The episode continued Lynette's cancer storyline, which Cherry intended to be both emotional and comical. He notes, "we established from very early on that she's suffering from non-Hodgkin's lymphoma, so we never once let the audience think she's going to die. It's more about examining how your friends and family react to you when you're sick."

From this episode forward, a synthesized version of Danny Elfman’s theme is heard in the brief main title sequence, as arranged and performed by series composer Steve Jablonsky.

==Reception==
===Awards===
Marcia Cross submitted this episode for consideration of her work for Outstanding Lead Actress in a Comedy Series for the 60th Primetime Emmy Awards. She was placed in the Top 10, but did not garner a nomination.

===Viewership and ratings===
According to ABC, "Now You Know" was watched by 19.32 million viewers. It held a 12.2 rating/18 share, the night's best rating across all networks, and placed as the fourth most-watched program of the week, behind CSI on CBS, and Dancing with the Stars and Grey's Anatomy on ABC. "Now You Know" was the least-watched season premiere of Desperate Housewives at the time, drawing about five million fewer viewers than the third season premiere a year earlier, a 23 percent decrease in viewership. According to The New York Times, viewership was down due to an increase in DVR usage.

===Critical===
Entertainment Weeklys Tim Stack praised the Bree storyline, calling its scenes the best of the episode. He was critical of the Lynette storyline and highlighted its implausibility, calling it "a cop-out and just an excuse for drama." However, he appreciated the scene in which Lynette reveals her cancer to her friends. Stack enjoyed the addition of the Mayfair family, stating that although he was not a fan of Delany's acting, "seems perfect for this role and looks to be a choice adversary for Bree." He also praised the set-up for their mystery storyline. Stack was critical of the Edie character, opining: "She used to be funny and sexy, but now she's just a big loon." He dismissed Susan's storyline as "lame" and deemed the character "obnoxious." He also noted the significant absence of the Gabrielle character. Robert Bianco of USA Today declared that the show was "back in fine form." He called the episode amusing, opining that the episode "launched a plethora of promising stories while introducing welcome new residents Dana Delany and Nathan Fillion." TV Guides Matt Roush enjoyed the episode, complimenting the addition of the new cast members. Regarding the Katherine character, he wrote, "while she's obviously harboring a dark secret, at least there's no one trapped in the basement," referencing the Betty Applewhite storyline from the second season. He identified the Susan and Mike storyline as problematic, as "She's so annoying, and he's so boring." Roush also noted that Felicity Huffman was "making the most of her cancer storyline."
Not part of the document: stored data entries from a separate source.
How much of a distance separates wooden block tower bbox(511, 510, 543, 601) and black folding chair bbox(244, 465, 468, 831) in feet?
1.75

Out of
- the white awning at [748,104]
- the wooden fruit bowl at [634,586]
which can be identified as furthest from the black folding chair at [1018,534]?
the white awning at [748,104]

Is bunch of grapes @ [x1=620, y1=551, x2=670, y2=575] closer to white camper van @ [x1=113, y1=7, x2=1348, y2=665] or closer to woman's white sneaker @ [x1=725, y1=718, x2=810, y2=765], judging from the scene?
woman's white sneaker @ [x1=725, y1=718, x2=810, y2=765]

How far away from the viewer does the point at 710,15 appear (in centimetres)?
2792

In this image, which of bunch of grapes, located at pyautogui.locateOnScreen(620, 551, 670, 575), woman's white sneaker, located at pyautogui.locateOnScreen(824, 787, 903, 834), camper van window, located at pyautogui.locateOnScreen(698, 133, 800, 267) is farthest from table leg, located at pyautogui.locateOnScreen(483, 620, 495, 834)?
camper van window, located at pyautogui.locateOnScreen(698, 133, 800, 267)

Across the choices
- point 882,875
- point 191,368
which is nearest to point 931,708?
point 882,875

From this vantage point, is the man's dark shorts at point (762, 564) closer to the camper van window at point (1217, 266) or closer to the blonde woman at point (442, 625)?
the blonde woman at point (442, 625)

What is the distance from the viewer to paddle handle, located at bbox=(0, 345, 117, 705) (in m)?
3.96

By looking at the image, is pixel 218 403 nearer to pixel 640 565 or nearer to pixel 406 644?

===Filipino controversy===
Following the episode's broadcast, the show's producers and ABC were criticized for including an alleged racial slur in the episode. In the scene in which the Susan character is informed she may be entering menopause, she replies: "OK, before we go any further, can I check these diplomas? Just to make sure they aren't, like, from some med school in the Philippines?" Viewers called ABC to complain and an online petition had gathered 30,000 signatures by October 3, 2007, three days after the episode's original broadcast. Several politicians and medical professionals of Filipino descent, including Health Secretary Francisco Duque III on Manila, condemned ABC for airing the line. On October 4, ABC announced that the episode had been removed from online platforms in order for the line to be removed; the line was also removed from future broadcasts and DVD productions of the episode. Nevertheless, network boycotts and other forms of protest continued.